WORK REQUEST:
Set down exactly the lines in the records below that run from the line with "Strona tytułowa z" to the line with "Groovy Two ist", inclusive, and nothing more.

DATASET RECORDS:
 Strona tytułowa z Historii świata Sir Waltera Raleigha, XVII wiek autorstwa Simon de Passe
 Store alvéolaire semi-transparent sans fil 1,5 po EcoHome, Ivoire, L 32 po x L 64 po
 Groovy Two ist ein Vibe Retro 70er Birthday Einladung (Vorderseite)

...

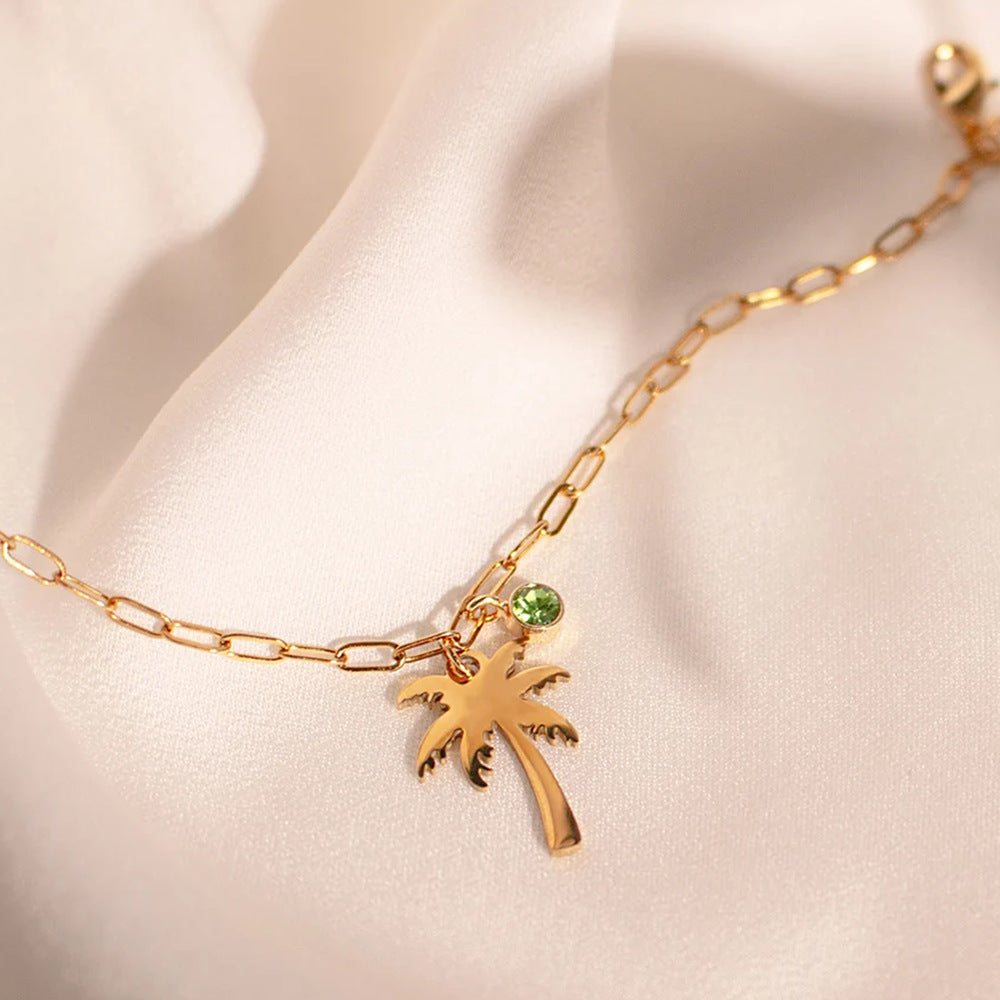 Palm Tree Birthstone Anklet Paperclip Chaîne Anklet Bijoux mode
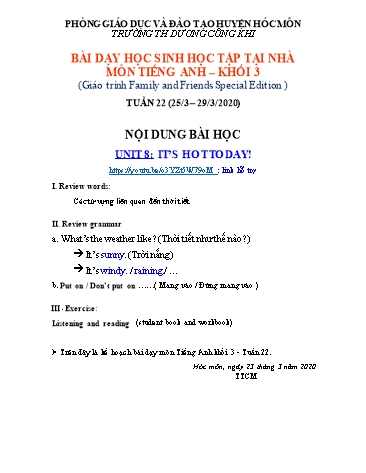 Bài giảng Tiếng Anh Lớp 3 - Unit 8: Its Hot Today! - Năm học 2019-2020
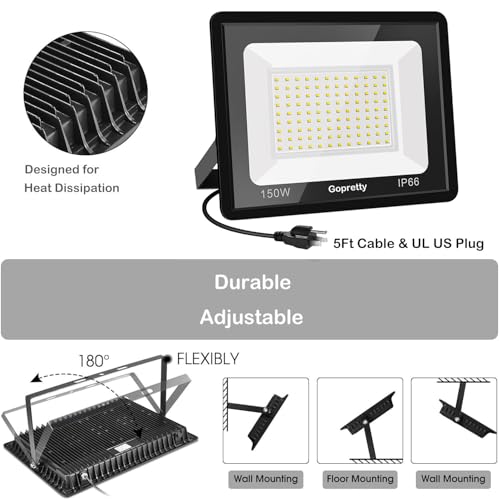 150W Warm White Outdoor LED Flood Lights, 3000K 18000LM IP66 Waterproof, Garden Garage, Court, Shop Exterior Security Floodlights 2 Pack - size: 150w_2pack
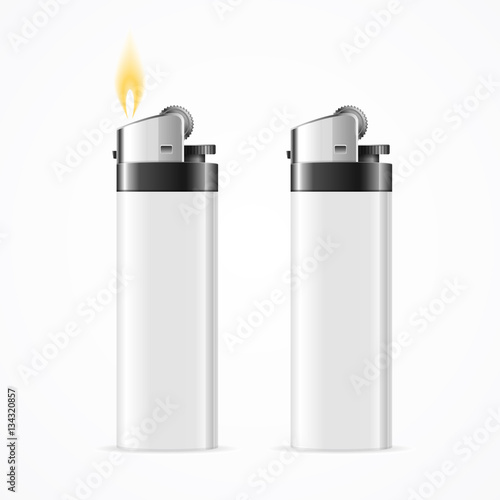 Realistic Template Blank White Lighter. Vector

SOLUTION FOR THIS PROBLEM:
 Strona tytułowa z Historii świata Sir Waltera Raleigha, XVII wiek autorstwa Simon de Passe
 Store alvéolaire semi-transparent sans fil 1,5 po EcoHome, Ivoire, L 32 po x L 64 po
 Groovy Two ist ein Vibe Retro 70er Birthday Einladung (Vorderseite)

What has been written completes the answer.